Dataframe, Spark SQL - Drops First 8 Characters of String on Amazon EMR

Hello,

I'm doing some work on Amazon's EMR cluster, and am noticing some peculiar
results when using both DataFrames to procure and operate on data, and also
when using Spark SQL within Zeppelin to run graphs/reports. Particularly,
I'm noticing that when using either of these on the EMR running Spark 1.5.2,
it will truncate the first 8 characters from a String. You can view a sample
of this in the attached images.

On the left is Spark running locally on my Mac, printing results from a
dataframe on a test set of data. On the right, running the same operations
on the same set of data on EMR.
<http://apache-spark-user-list.1001560.n3.nabble.com/file/n26022/CYo2WDgWEAMLul_.png> 

Similar results when running spark sql using the %sql tag in Zeppelin for
graphing.
<http://apache-spark-user-list.1001560.n3.nabble.com/file/n26022/sql_spark_text_issue.png> 

Additionally, when I transform these back to an RDD, results are shown as
wanted (on Amazon EMR).
<http://apache-spark-user-list.1001560.n3.nabble.com/file/n26022/dt_to_rdd_print.png> 

I'm rather certain that this is not the intended behavior, especially
considering the Dataframe prints out the whole results running on my local
machine running the same version of Spark.

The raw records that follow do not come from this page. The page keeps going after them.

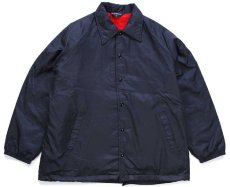 画像1: 80s USA製 SPORTSMASTER 無地 ボアライナー ナイロン コーチジャケット 黒 XL (1)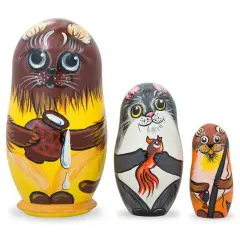 Set of 3 Cats with Milk and Fish Wooden Nesting Dolls 4.25 Inches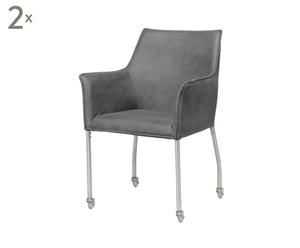 Set van 2 stoelen Dan, zwart/zilver, H 85 cm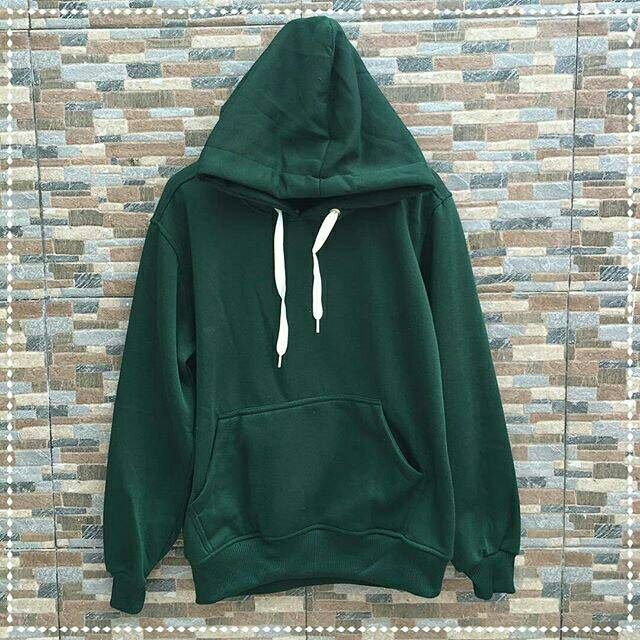 SWEATER_ID Hoodie Jumper Hijau Lumut / Hijau Botol Polos Fleece Tebal Unisex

Is there a setting somewhere that might be causing this issue with
DataFrames and Spark SQL which could be causing this issue to come up?

Thanks,

Andrew Zurn

*Specs for EMR*
Release label:emr-4.2.0
Hadoop distribution:Amazon 2.6.0
Applications:Hive 1.0.0, Pig 0.14.0, Hue 3.7.1, Spark 1.5.2, Ganglia 3.6.0,
Mahout 0.11.0, Oozie-Sandbox 4.2.0, Presto-Sandbox 0.125, Zeppelin-Sandbox
0.5.5

Master:Running1c3.4xlarge
Core:Running10r3.4xlarge

*Additional Configuraitons*
spark.executor.cores	5
spark.dynamicAllocation.enabled	true
spark.serializer	org.apache.spark.serializer.KryoSerializer
spark.executor.memory	34G






--
View this message in context: http://apache-spark-user-list.1001560.n3.nabble.com/Dataframe-Spark-SQL-Drops-First-8-Characters-of-String-on-Amazon-EMR-tp26022.html
Sent from the Apache Spark User List mailing list archive at Nabble.com.

---------------------------------------------------------------------
To unsubscribe, e-mail: user-unsubscribe@spark.apache.org
For additional commands, e-mail: user-help@spark.apache.org


Re: Dataframe, Spark SQL - Drops First 8 Characters of String on Amazon EMR

Posted by Daniel Darabos <da...@lynxanalytics.com>.
Hi Andrew,

If you still see this with Spark 1.6.0, it would be very helpful if you
could file a bug about it at https://issues.apache.org/jira/browse/SPARK with
as much detail as you can. This issue could be a nasty source of silent
data corruption in a case where some intermediate data loses 8 characters
but it is not obvious in the final output. Thanks!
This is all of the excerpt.